From April to May 2024, the five members convened in Los Angeles for a song camp. Not to audition ideas. To build a record. They wrote on all five tracks of their debut EP. They co-choreographed. They ideated their visuals. The label framework held, but inside it, something far less controlled was happening. BigHit had developed a new designation for them: “next-generation creator crew.” It wasn’t marketing copy. It was description.

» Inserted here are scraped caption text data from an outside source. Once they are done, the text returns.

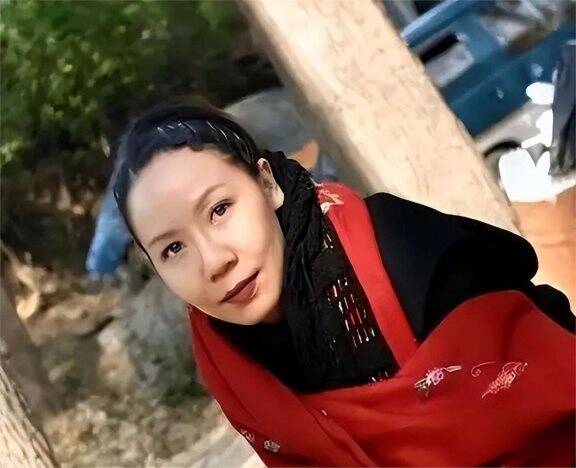 "女版黄渤"杨青:曾因颜值被迫退圈,却嫁国外富豪,身家上亿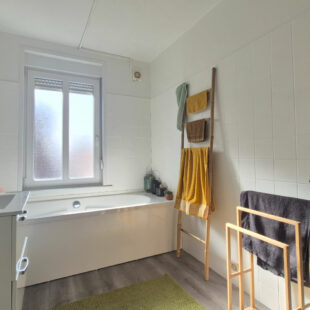 Maison semi bourgeoise des années 30′, jardin et atelier/garage de 52m²!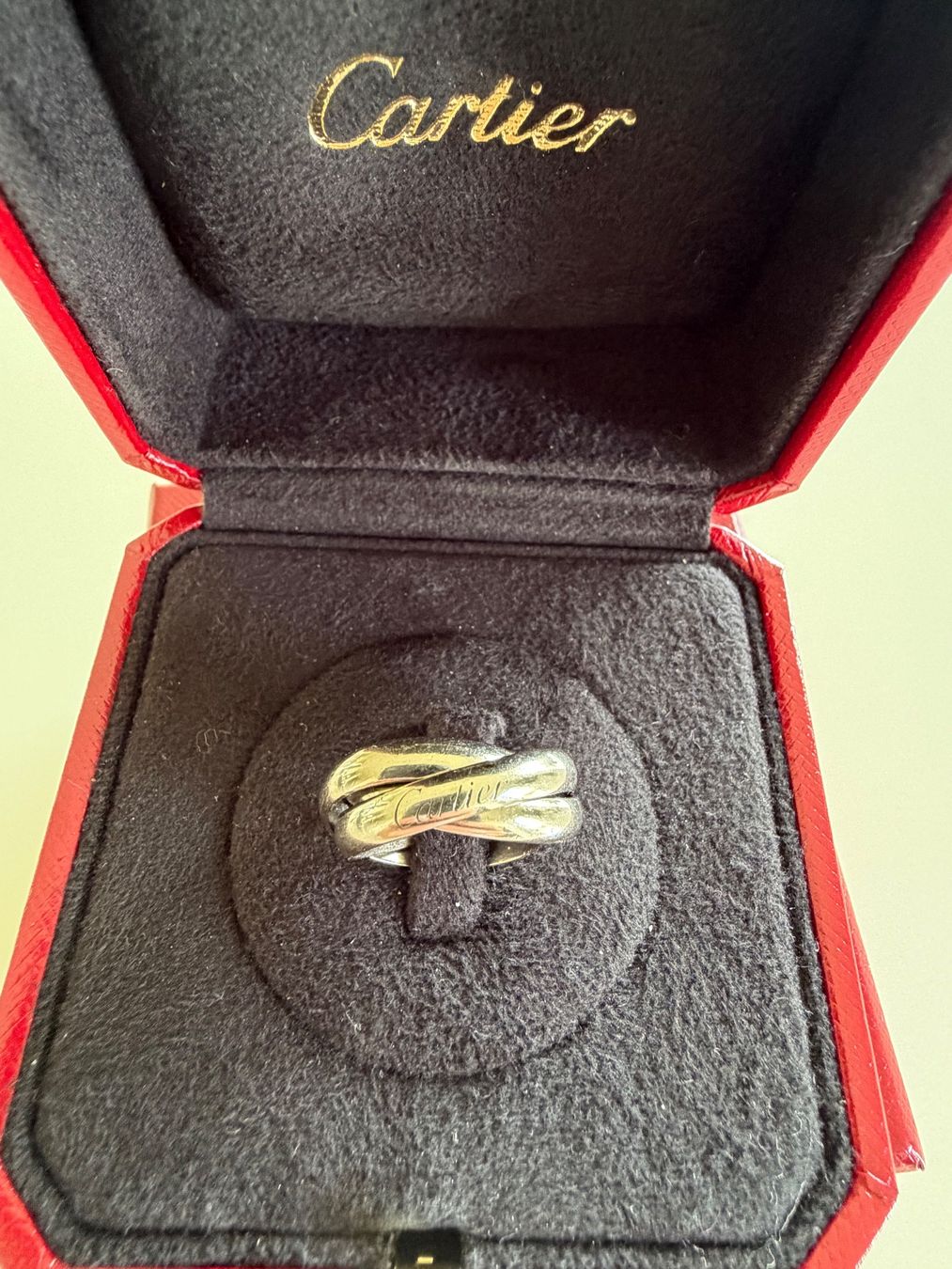 Cartier Ringe: Cartier Trinity Ring Weissgold – Gebraucht aus Islisberg von DaisyXX 2
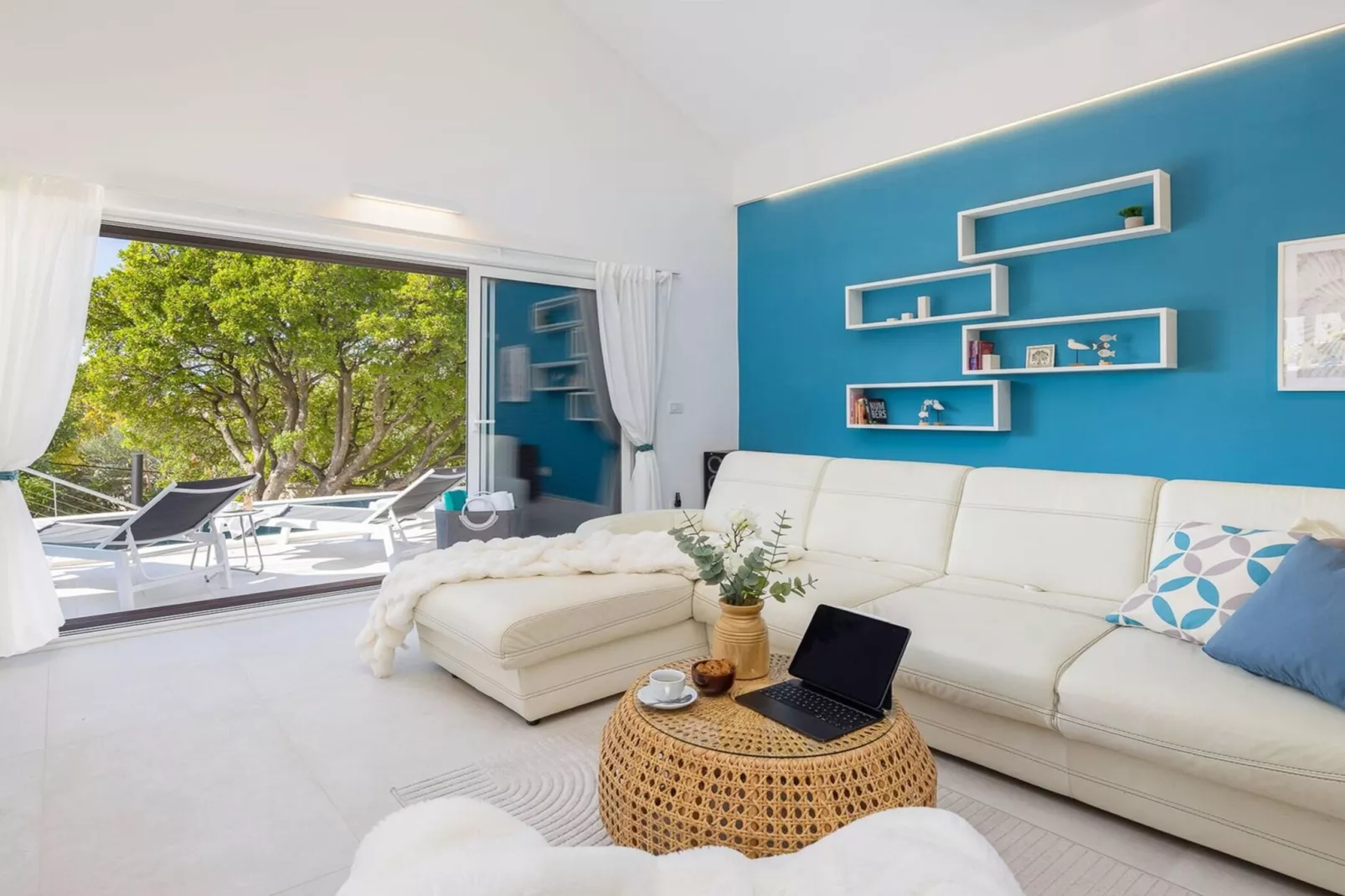 Luxury Villa Mila Supetar with Pool in the Center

Leader Martin Edwards — Korean-Canadian, 18 years old, former flag bearer for Iceland at the 2018 Winter Olympics, and the producer behind credits on TXT, ILLIT, and LE SSERAFIM — is the connective tissue of that vision. “We want to express ourselves in the most genuine way possible,” he has said. “As we grow, everything will change. And it will go in the way that it goes.” For a group still in their first year, that is either radical confidence or radical honesty. With CORTIS, it is both.

Fashion as First Language
The track was called “FaSHioN.” The capitalisation was not accidental. On it, CORTIS slid into a grungy, hip-hop-adjacent world — all distressed leather, silver hardware, baggy silhouettes over skinny fits, biker jackets worn like armour against expectation.
It sounded like A$AP Rocky produced something with Travis Scott and forgot to make it comfortable. It looked like it was styled by five teenagers who had memorised every lookbook ever published and then chose to ignore them.
That tension — between knowing the rules and choosing not to follow them — is the defining characteristic of CORTIS’s visual language. Their fashion identity is not a stylist brief. It is a worldview. Monochrome punctuated by violence. Youth culture worn as critique rather than costume.
“The lure of CORTIS is that everything they do feels thrillingly urgent and alive. They are unhampered by one of K-pop’s favourite tools — the narrative concept — which allows for a live-in-the-moment existence to flourish.”— Dazed, May 2026
The chaos of the early music videos — handheld cameras, Los Angeles landmarks shot like a road movie, movement that felt improvised even when it wasn’t — translated directly into how they dressed: like people who had somewhere specific to be and made that place up themselves. With GREENGREEN (released May 4, 2026), the palette has evolved.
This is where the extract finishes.